What side of history do you want to be on?
“In itself, homosexuality is as limiting as heterosexuality: the ideal should be to be capable of loving a woman or a man; either, a human being, without feeling fear, restraint, or obligation.”
— Simone de Beauvoir
In my first column writing as the Restless Native, I wrote about the difficulties in being able to blindly choose the subject matter of each article.
It is a beautiful thing to have such freedom, but with only myself to direct me it can be daunting. So much has happened since my last article, both to me personally and on the Island, that I was overwhelmed and not sure where to begin. My perfectionism has caused a delay of five months as I have found myself questioning, “what do I write for? What do I fight for? What do I stand for?”
I split my time between Bermuda and London, so I experience the issues and read with fervour everything about each place as it relates to my experiences.
A few weeks ago, as the voters for the Corporations of Hamilton and St George were practising their civic right, I did the same in the UK General Election.
I was disappointed by the Conservative Party win and this feeling was certainly not diminished when the re-elected prime minister, David Cameron, appointed as minister for equalities an MP who voted against same-sex marriage.
I am now back in Bermuda, my trip delayed after having missed my flight from New York. I found myself in the city for another day, so last Sunday I escorted a friend to her Baptist church in Harlem. I am not religious. Apart from funerals, weddings and christenings I probably have not been to church in ten years.
However, two separate friends had sung the praises of this church and its pastor and I was curious. Even so, the prospect of walking in as an outsider to a place that can have a reputation of exclusivity served to compound my frustrations of that day.

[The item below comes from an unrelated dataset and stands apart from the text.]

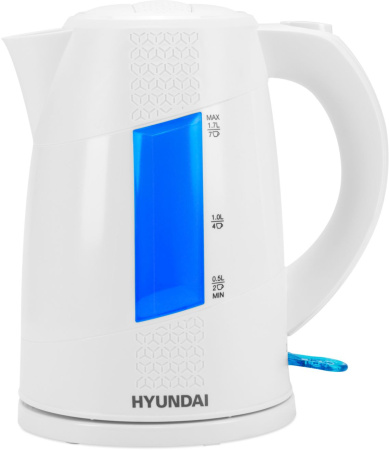 Чайник электрический Hyundai HYK-P2407 1.7л. 2200Вт белый/голубой корпус: пластик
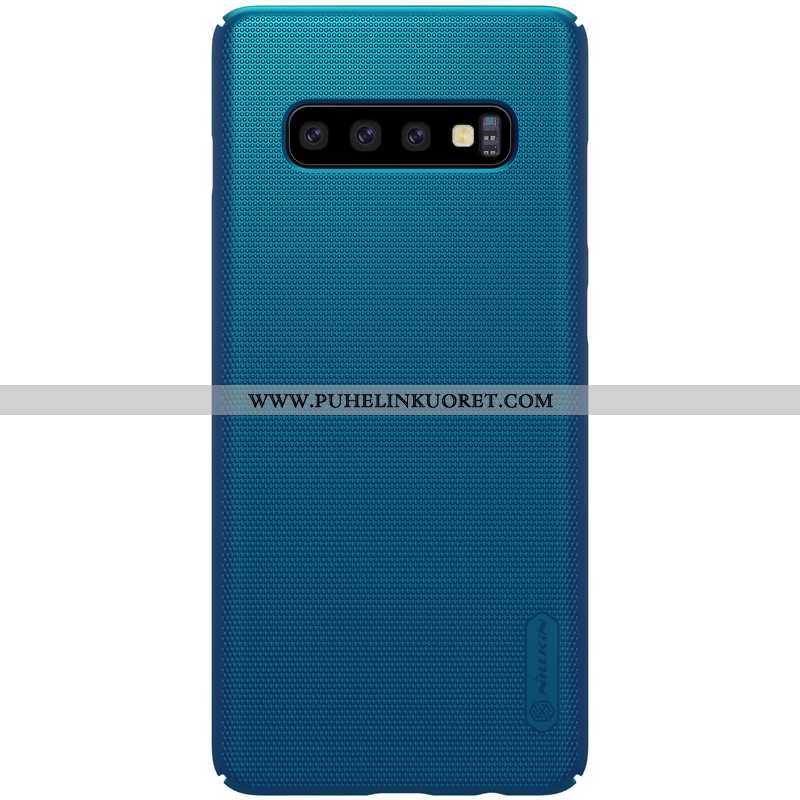 Kotelo, Kuori Samsung Galaxy S10+ Suojaus Pesty Suede All Inclusive Kulta Sininen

Despite my apprehension, I was enamoured with the First Corinthian Baptist Church of Harlem. I discovered that we don’t always know what we need until we receive it. The service was a rollicking gospel, soulful extravaganza. It was beautiful from the beginning because we were welcomed with this statement: “Whether you’re black or white, gay or straight, from Brooklyn or Australia, you are all welcome here.”
If we could all be welcomed in a house of God I wonder why we can’t all be welcome in Bermuda? On May 17, 2013 (the International Day Against Homophobia, Biphobia and Transphobia), the House of Assembly outlawed discrimination on the grounds of sexual orientation. This was despite lobbying against such measures towards equality by the “United for Change” group, composed of more than 70 clergymen, churches and faith-based organisations.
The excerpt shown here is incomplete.